Parametric Voice Synthesis

Tools for sound synthesis and acoustic analysis. Performs parametric synthesis of sounds with harmonic and noise components such as animal vocalizations or human voice. Also includes tools for spectral analysis, pitch tracking, audio segmentation, self-similarity matrices, morphing, etc.

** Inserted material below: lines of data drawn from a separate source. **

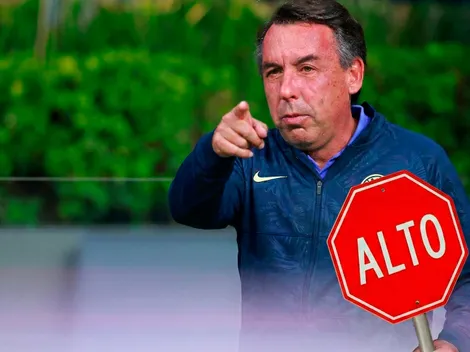 Azcaŕraga decide que siga en el América y lo proyecta como pieza clave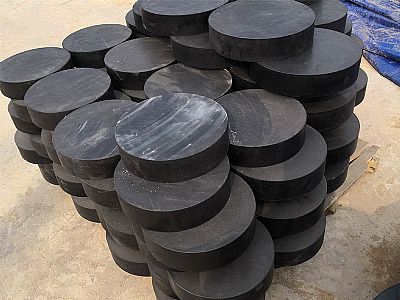 南宫市板式橡胶支座由若干层橡胶片与薄钢板经加压硫化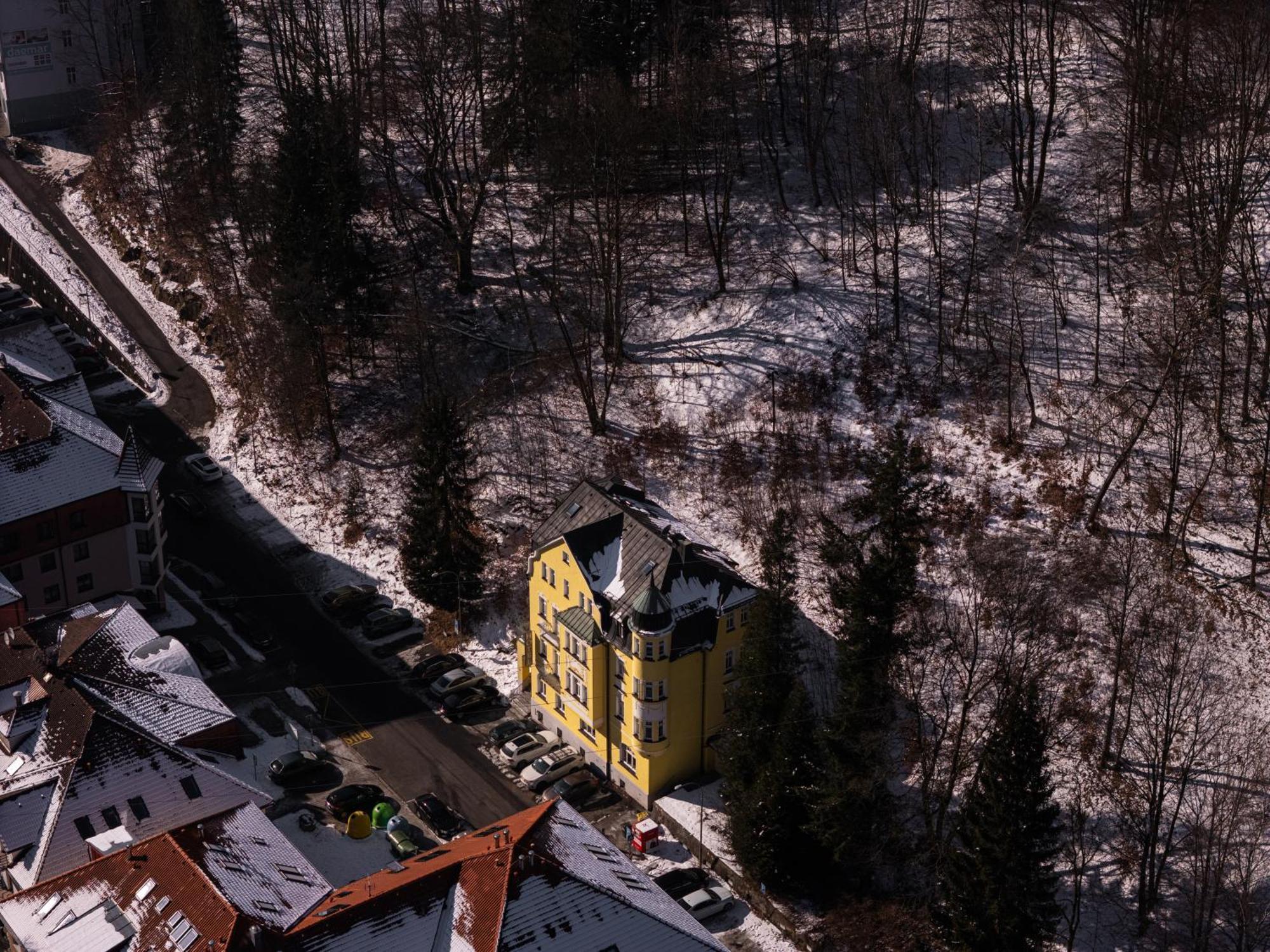 Hotel Vera Jachymov Bagian luar foto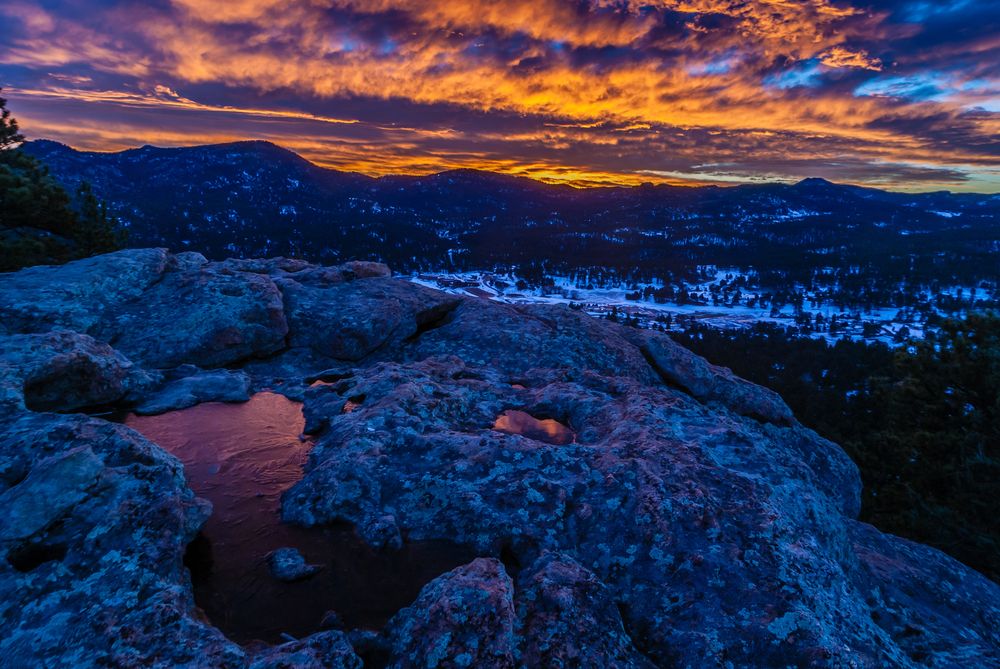 Scenic night scene at Three Sisters Park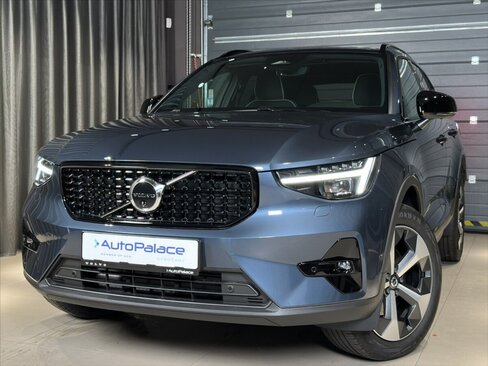 Volvo XC40 SUV / Terénní 2,0 l 145 kw
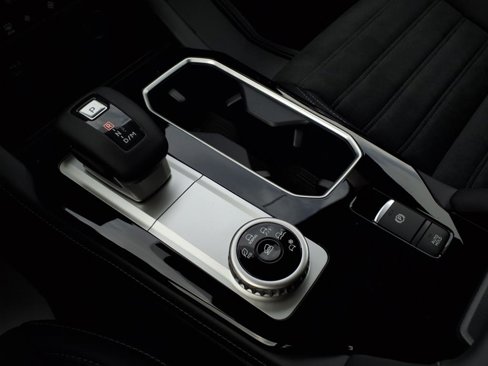 New 2025 Mitsubishi Outlander SE image 16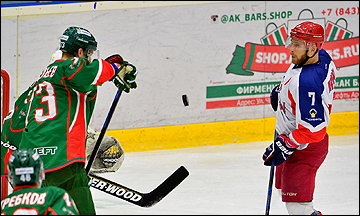 Николай Пронин (справа)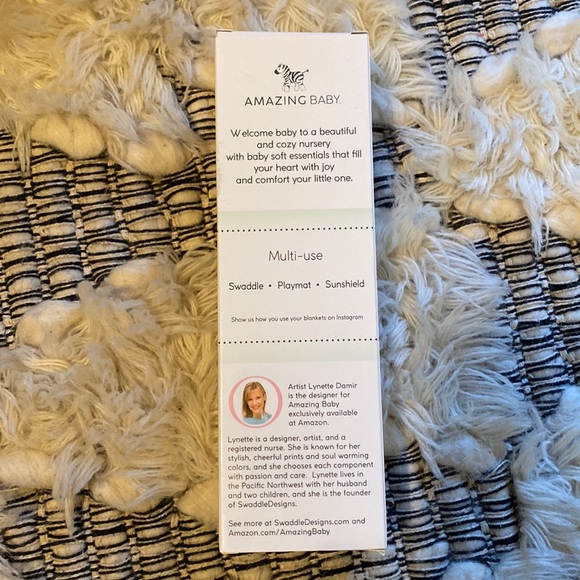 Newborn Muslin Swaddle - Picture 2 of 2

R package for sound synthesis and acoustic analysis.
Homepage with help, demos, etc: http://cogsci.se/soundgen.html
Source code on github: https://github.com/tatters/soundgen

Performs parametric synthesis of sounds with harmonic and noise components such as animal vocalizations or human voice. Also includes tools for spectral analysis, pitch tracking, audio segmentation, self-similarity matrices, morphing, etc.

Key functions:

  • Sound synthesis from R console: soundgen()
  • Shiny app for sound synthesis (opens in a browser): soungen_app()
  • Acoustic analysis of a wav/mp3 file: analyze()
  • Measuring syllables, pauses, and bursts in a wav/mp3 file: segment()

For more information, please see the vignettes on sound synthesis and acoustic analysis:

vignette("sound_generation", package="soundgen")

vignette("acoustic_analysis", package="soundgen")

Or, to open the vignettes in a browser:
RShowDoc('sound_generation', package = 'soundgen')

RShowDoc('acoustic_analysis', package = 'soundgen')

Installation

To install the current release from CRAN: install.packages("soundgen")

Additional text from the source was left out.